Sent from my iPhone using Goat Forum


----------



## KW Farms (Jun 21, 2008)

Goats and horses are two very different animals with different feed requirements. There isn't a feed that would benefit them both unfortunately. Definitely give the alfalfa a try. Most of my goats do fine on alfalfa alone in milk or not.


----------



## NubianFan (Jun 3, 2013)

Jill says the Purina Miniature Horse and Pony is a suitable feed for both horses and goats. That may be with alfalfa pellets out free choice as well. I am not sure, but you could ask her.


----------



## NubianFan (Jun 3, 2013)

Why is your horse on Safe Choice? Is she founder prone? Or do you just like the feed. (I like Safe choice by the way just asking for clarification)


----------



## goathiker (Apr 14, 2011)

If I'm doing a feed, I've always fed my goats horse feed. The ingredients are better quality and so are the minerals in the feed. Right now I'm feed LMF Development to all my does. They are doing very well on it and milking very nicely. Several of the big goat breeders I know feed Healthy Choice to their does.


----------



## kccjer (Jan 27, 2012)

We mix our own feed and the horses and goats and pig and the steers (for the most part...same ingredients, different amounts) all get the same thing.


----------



## Little-Bits-N-Pieces (Apr 7, 2013)

I second the horse feed for goats, great stuff! It's always fresher than the goat feed too.

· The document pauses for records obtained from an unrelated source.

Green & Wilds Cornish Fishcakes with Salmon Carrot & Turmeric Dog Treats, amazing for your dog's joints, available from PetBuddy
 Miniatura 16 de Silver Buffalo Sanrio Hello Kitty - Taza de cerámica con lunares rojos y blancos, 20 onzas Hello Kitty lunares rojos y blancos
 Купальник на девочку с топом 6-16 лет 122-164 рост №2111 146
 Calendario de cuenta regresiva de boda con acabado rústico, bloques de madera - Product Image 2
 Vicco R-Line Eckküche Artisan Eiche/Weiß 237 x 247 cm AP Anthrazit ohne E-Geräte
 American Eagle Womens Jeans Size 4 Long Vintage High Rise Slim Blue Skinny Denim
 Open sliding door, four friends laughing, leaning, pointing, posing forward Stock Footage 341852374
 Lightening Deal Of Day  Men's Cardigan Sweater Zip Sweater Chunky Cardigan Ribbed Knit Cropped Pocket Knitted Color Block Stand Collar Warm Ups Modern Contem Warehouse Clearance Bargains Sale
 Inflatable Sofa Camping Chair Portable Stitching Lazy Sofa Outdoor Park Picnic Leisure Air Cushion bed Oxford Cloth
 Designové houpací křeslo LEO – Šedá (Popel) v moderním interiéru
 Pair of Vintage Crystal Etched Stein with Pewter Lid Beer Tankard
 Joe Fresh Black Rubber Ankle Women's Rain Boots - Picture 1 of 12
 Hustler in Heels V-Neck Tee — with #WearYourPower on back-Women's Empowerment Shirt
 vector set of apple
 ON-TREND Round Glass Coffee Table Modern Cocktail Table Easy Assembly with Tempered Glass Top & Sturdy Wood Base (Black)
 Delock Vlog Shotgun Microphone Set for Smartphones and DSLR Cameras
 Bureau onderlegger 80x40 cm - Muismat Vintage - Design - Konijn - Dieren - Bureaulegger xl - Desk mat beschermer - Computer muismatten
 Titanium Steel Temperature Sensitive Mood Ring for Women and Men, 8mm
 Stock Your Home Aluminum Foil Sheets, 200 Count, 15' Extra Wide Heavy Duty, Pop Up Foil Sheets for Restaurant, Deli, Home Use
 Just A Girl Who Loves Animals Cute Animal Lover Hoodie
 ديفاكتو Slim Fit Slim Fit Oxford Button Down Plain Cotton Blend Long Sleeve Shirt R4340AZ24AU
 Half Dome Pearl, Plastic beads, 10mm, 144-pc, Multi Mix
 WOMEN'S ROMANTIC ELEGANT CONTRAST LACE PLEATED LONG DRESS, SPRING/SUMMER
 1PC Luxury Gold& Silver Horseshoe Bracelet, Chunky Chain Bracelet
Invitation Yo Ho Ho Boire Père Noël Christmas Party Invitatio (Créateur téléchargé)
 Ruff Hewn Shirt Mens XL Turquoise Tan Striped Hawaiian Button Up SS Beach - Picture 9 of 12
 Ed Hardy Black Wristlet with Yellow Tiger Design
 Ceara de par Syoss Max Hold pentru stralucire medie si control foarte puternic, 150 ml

I'm currently mixing a lactating dairy feed with the LMF horse feed, and they are milking very well, even at 1-3 weeks fresh.
I can't get the type G developer from LMF here, which is what I was going to use instead of the dairy grain because the dairy feed is always stale by the time they get it in, so I'm mixing the LMF GOLD with the dairy grain anyway, 50/50, it's helping the does put extra fat in the milk, and keeping their weight on.

My picky eater is now finally eating more now too, she hates the dairy grain this year, but the horse grain is helping. Slowly but surely she's finally eating more.


----------



## lottsagoats (Dec 10, 2012)

In the past I have fed horse feed to my goats until the price got way out of hand. Horse feed is closer to what a goat needs than sheep feed or even some cattle feeds. It's usually a better quality feed too, since more horse people study nutrition than your average goat owner.

I used to feed my dairy goats the Blue Seal mare and foal feed. They did great on it, but at close to $20.00 for 50 pounds, I just couldn't afford it any more.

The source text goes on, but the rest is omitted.